Defense spending bill creates chem-bio research fund

Congress this week plans to approve the largest defense spending increase in a generation, earmarking billions of dollars toward combating weapons of mass destruction, including new research funding to establish a "Chem-Bio Defense Initiatives Fund."

House and Senate negotiators have reached final agreement on a $355.1 billion fiscal 2003 defense appropriations bill. The legislation was approved late last week by the full House of Representatives and is awaiting Senate passage this week before being sent to President Bush for his signature.

The legislation provides $7.4 billion for missile defense programs, $43 million less than the White House had requested, and represents the Bush administration's first formal attempt to develop new anti-missile technologies free of the 1972 Anti-Ballistic Missile Treaty. The United States withdrew from the treaty in June.

One setback for the administration in the spending bill, however, was lawmakers' refusal to approve a $10 billion war contingency fund requested by the Pentagon to fund unforeseen expenses tallied up as part of the international war on terrorism.

Despite the difficulty in predicting the military's operational expenses between now and October 2003, legislators were unwilling to provide what some critics charged would be a blank check. Instead, the Pentagon will likely have to continue requesting emergency funds to cover unforeseen war expenses, officials said.
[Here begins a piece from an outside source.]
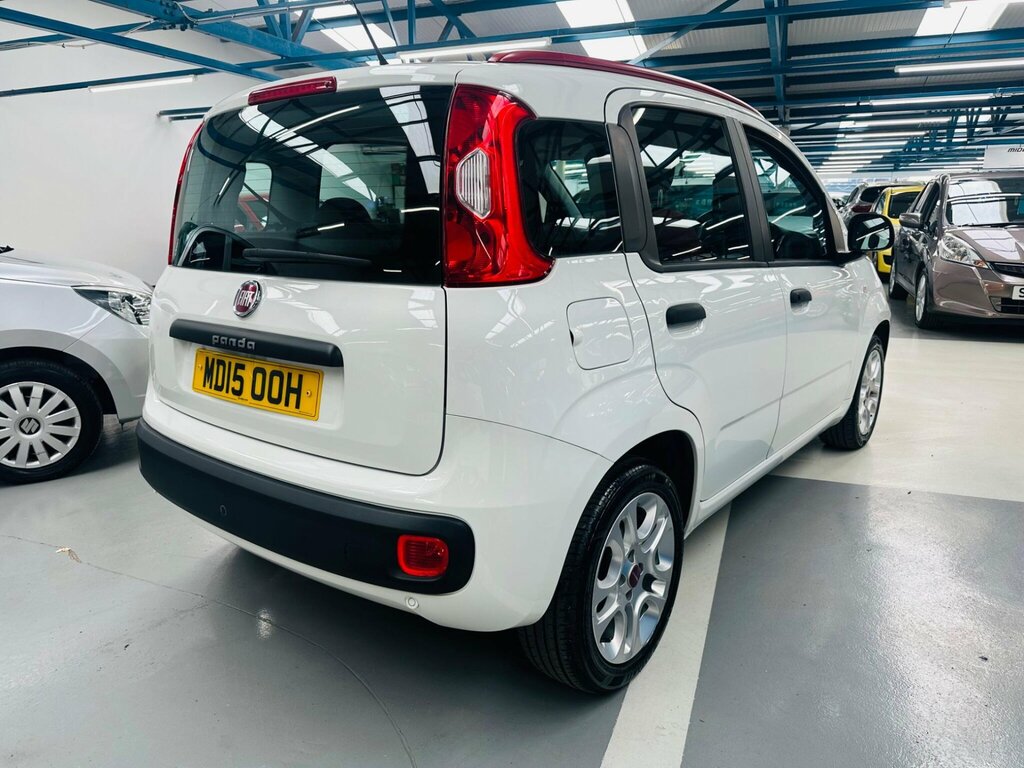 Fiat Panda 1.2 Easy Euro 6  #5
The legislation, however, marks widespread support across the government in substantially beefing up U.S. counterproliferation programs and developing a host of new technologies and defensive tools to address the threat of weapons of mass destruction.

House and Senate conferees, responsible for ironing out differences between the House and Senate versions of the defense appropriations bill, took the added step of establishing a new research fund, totaling $25 million, that gives the military a freer hand in researching novel technologies.

"The conferees agree to establish a "Chem-Bio Defense Initiatives Fund" within the Department of Defense's Chemical and Biological Defense program, and provide an increase of $25 million for this purpose," according to the conference report. "The secretary of Defense is directed to allocate these funds among the program proposals listed below in a manner which yields the greatest gain in our chem-bio defense posture."

Program proposals to be considered for the new research funds include a variety of efforts to enhance the Pentagon's ability to detect a chemical or biological attack and prevent harm to U.S. personnel.

In addition to these new funds, the defense spending bill allocates hundreds of millions of dollars in procurement and research and development funds to address the threat of weapons of mass destruction from a variety of approaches. For example, of the nearly $2 billion in applied research on what are called "defense-wide" programs, nearly half is earmarked for weapons of mass destruction-related efforts.

One technology in particular, a Pentagon proposal to develop a nuclear-tipped bunker buster weapon to defeat hardened and deeply buried targets such as biological weapons facilities, was provided with the requested $15.5 million. Lawmakers conditioned the money, however, on receiving a Bush administration report outlining how the funds would be used and whether there are conventional alternatives to a nuclear penetrator.

The legislation also earmarks nearly $1.5 billion for the Army to continue destroying the U.S. stockpile of chemical arms, as required under the Chemical Weapons Convention.

Meanwhile, the bill calls on the Pentagon to provide a status report on the military's anthrax vaccination program, including the potential need for new production. The report should "assess the immediate and short-term preparedness and potential future total biowarfare defense need for the [Food and Drug Administration]-licensed anthrax vaccine, the potential need for expanded production capacity to meet that need, and the need for a separate production capacity to mitigate risks of an event which could result in a halt to current vaccine production."